The defensive style is an intricate system. It is, by all accounts, incredibly complicated to learn and harder to execute successfully. When run properly, the double eagle-flex defense is as unstoppable as any in football. Remember the "Desert Swarm" teams with Tedy Bruschi, Brandon Sanders and Tony Bouie? They ran the double-eagle flex to perfection and - no matter what offensive coordinators threw at them - they seemed to steamroll the competition.

Even this year's team, which had the offensive production of an XFL squad, could compete in games because the defense kept opponents at bay. Despite the team's anemic scoring offense, the defense managed to go 5-6. Not too bad.

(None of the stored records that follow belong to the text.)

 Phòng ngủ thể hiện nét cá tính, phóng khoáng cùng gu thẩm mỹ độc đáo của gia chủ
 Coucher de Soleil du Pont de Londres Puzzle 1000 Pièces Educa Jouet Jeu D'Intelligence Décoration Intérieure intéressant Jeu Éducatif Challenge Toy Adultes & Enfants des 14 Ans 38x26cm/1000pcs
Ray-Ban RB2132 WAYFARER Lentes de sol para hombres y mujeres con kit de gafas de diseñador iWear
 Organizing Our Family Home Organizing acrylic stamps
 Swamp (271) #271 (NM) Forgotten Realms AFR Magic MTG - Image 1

Mackovic is seen by many as an offensive genius. He has promised to bring a high-octane passing attack to a program that will have two talented quarterbacks, sophomore John Rattay and incoming freshman Nic Costa.

To ruin a defensive scheme that has been as much a part of Arizona football as its ghastly white helmets would be a slam to Arizona fans, alumni and players.

The UA players - for the most part - know how to run this intricate system. By shifting the defensive scheme, Mackovic would leave his players prone to being overpowered every week.

The double-eagle flex defense relies on quick defensive linemen and Arizona recruits mostly smaller, quicker defensive players. By switching to a system that would rely on head-to-head battles between undersized defenders and massive offensive lineman, Mackovic would leave his defense prone to being slammed by high-powered offenses at UCLA, USC, Oregon and Oregon State.

The only way for the Wildcats to stay competitive in the Pacific 10 Conference next year would be to stick with the current defense and hire Larry Mac Duff, one of few people familiar with operating the defense.

Coach Mackovic has changed a lot of things since he came to Tucson in early December. But he must remember this - it wasn't the Wildcat defense that did the team in. It was the lack of offense that cost Tomey his job and Arizona a bowl bid.

Coach Mackovic doesn't pretend to know too much about defense, the one lasting tradition in recent UA football history. If it isn't broken, why fix it?